The bill has had a long and difficult history. In March 2013, the then attorney-general requested that the Independent Commissioner Against Corruption review the legislation. A report was subsequently prepared for parliament, with the commissioner making 30 recommendations supporting a rewrite of the law. Regrettably, there was little advancement with respect to whistleblower reform, and the resulting Labor government bill did little to give effect to the commissioner's recommendations and provided little in the way of real whistleblower protection reform. The bill subsequently languished throughout 2017 following a deadlock on the former government's substandard bill.

A change in government has seen the issue of whistleblower protection firmly placed front and centre of a suite of reforms that have included updated shield laws which recently passed in this place, which is something we are extremely grateful for. We thank the government for its commitment to whistleblower reform, and for the way in which it has engaged with us on the bill, specifically in relation to our amendments.

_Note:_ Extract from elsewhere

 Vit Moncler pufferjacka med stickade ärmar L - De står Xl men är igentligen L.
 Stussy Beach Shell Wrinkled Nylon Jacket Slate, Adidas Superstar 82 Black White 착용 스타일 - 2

The legacy left by Nick Xenophon of SA-Best with respect to whistleblowers and their need to be protected and properly compensated cannot be overstated in this regard. He fought for strengthened protections for whistleblowers and was instrumental, with the support of the federal government, in establishing the commonwealth Parliamentary Joint Committee on Corporations and Financial Services' report into whistleblower protections in 2017. He fought for many years for substantive protection for whistleblowers and he continued to make the case for a reward scheme for whistleblowers, sometimes referred to as a bounty scheme.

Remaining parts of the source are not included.